WORK ORDER - For this exercise, retype the lines from the one that holds "Maya_Velvet" through the one that holds "Building Photo - 3" in the records below, both included, exactly and without pictures.
== DATASET
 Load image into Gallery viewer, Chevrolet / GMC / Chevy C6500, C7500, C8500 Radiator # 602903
====
== DATASET
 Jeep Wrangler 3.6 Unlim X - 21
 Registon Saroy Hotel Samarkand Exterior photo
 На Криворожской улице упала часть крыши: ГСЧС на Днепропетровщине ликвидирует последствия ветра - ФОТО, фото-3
====
== DATASET
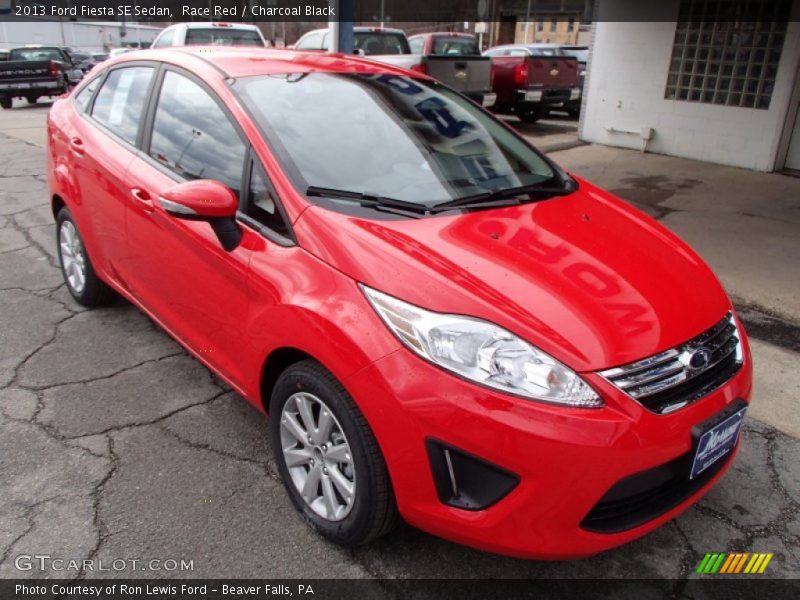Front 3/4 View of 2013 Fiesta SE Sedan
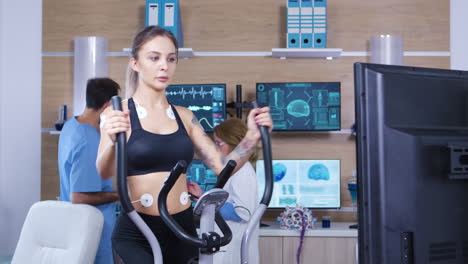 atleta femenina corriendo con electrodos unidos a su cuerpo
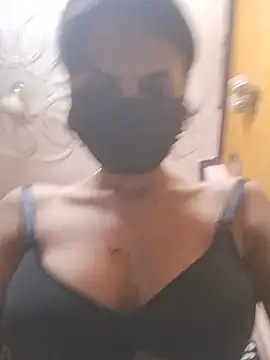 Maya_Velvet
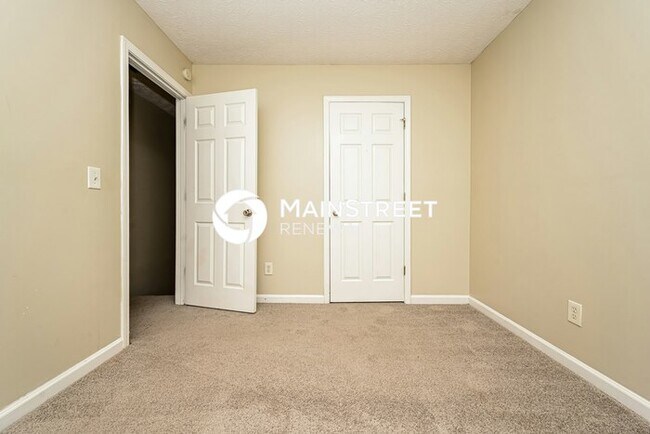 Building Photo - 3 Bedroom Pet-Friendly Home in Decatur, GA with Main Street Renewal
====
SOLUTION FOR THIS EXERCISE -
 Maya_Velvet
 Building Photo - 3 Bedroom Pet-Friendly Home in Decatur, GA with Main Street Renewal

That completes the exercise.